= John Ferne =

English writer on heraldry, a genealogist, an eminent common lawyer and MP

Sir John Ferne (c. 1553 – 20 June 1609) was an English writer on heraldry, a genealogist, an eminent common lawyer and MP.

==Life==
John Ferne was the eldest son of William Ferne of Doncaster, Yorkshire and Temple Belwood, Lincolnshire. He succeeded his father in 1592 and was knighted on 30 May 1604.

He matriculated from St John's College, Cambridge in 1572, was said to have studied at Oxford, and was admitted to the Inner Temple in 1576. He served as a secretary in the Council of the North (1595–1609).

He was elected MP for Boroughbridge in 1604, sitting until 1609.

He died on 20 June 1609. He had married Elizabeth, the daughter of John Nedham of Wymondley Priory, Little Wymondley, Hertfordshire, having ten sons and two daughters.

==Blazon of Gentrie==
His 1586 book entitled Blazon of Gentrie is written in the form of a dialogue, with six interlocutors, representing a herald, a knight, a divine, a lawyer, an antiquary, and a ploughman.

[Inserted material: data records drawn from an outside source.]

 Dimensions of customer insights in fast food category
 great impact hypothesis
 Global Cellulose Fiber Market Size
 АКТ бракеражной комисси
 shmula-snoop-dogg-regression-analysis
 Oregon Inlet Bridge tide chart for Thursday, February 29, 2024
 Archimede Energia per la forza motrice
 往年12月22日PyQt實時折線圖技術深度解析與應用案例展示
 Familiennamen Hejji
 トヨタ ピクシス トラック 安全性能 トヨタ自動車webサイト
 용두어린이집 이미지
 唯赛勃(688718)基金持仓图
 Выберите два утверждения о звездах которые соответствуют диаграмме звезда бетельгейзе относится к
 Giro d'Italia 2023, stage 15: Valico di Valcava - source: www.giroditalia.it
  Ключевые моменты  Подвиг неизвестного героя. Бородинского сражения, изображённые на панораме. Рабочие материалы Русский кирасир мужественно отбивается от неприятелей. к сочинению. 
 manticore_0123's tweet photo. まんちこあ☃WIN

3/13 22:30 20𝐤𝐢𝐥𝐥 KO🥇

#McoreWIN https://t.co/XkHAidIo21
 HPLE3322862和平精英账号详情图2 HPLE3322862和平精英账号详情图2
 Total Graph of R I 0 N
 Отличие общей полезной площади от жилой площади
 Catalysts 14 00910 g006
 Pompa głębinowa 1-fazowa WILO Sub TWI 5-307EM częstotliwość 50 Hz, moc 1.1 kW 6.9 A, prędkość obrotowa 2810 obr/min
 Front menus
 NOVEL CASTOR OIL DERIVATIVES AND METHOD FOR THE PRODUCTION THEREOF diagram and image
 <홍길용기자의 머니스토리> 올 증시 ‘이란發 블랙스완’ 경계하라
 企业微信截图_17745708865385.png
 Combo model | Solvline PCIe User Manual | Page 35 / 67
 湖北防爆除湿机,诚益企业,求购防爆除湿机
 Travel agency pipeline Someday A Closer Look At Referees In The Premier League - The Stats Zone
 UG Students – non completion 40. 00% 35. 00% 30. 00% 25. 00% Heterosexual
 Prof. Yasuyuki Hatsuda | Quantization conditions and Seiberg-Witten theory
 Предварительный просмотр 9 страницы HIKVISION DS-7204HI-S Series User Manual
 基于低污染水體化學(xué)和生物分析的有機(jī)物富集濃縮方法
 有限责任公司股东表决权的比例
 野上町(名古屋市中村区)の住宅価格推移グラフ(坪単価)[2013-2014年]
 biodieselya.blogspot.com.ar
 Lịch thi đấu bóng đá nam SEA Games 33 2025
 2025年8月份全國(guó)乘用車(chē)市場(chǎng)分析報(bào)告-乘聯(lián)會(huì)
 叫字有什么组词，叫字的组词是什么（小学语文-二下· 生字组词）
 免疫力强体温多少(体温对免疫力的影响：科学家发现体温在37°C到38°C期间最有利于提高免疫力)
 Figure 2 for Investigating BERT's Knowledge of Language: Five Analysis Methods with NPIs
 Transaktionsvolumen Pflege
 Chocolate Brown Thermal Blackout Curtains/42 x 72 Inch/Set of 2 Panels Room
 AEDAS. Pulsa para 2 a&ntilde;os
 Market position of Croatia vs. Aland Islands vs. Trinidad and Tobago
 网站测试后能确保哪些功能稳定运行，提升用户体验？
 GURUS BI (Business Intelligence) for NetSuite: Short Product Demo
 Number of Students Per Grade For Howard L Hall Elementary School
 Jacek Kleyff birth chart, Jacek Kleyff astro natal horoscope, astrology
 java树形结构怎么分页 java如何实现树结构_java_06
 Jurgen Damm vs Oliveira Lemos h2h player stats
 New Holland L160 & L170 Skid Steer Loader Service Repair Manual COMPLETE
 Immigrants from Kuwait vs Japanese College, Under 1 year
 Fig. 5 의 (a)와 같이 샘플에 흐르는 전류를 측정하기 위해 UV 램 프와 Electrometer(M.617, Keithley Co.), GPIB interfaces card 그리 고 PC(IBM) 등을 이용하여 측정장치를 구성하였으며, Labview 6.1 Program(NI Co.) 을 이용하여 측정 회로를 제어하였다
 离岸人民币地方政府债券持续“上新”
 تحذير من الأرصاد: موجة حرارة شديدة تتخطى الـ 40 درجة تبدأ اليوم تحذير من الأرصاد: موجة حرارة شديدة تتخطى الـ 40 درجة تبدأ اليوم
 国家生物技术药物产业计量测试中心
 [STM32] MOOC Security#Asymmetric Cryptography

Collumell, the ploughman, who speaks freely the language and opinions of the yeomanry at that time on several points, including the Protestant Reformation. The strong prejudices of Paradinus, the herald, and Torquatus, the knight, are also described.

Ferne enumerates as many as fourteen different methods of blazon. And these methods are as follows: 1. by colours; 2. by planets; 3. by precious stones; 4. by virtues; 5. by celestial signs; 6. by the months of the year; 7. by the days of the week; 8. by the ages of man; 9. by flowers; 10. by the elements; 11. by the seasons of the year; 12. by the complexions of man; 13. by numbers; 14. by metals.

Though today its practice is considered absurd, it was an organic part of the then heraldic view.

==Works==
- The Blazon of Gentrie: Deuided into two parts. The first named, The Glorie of Generositie. The second, Lacyes Nobilitie. Comprehending discourses of Armes and of Gentry. Wherein is treated of the beginning, parts and degrees of gentlenesse, with her lawes: of the bearing, and blazon of Cote-armers: of the lawes of armes, and of combats. John Windet for T. Cooke: London, 1586.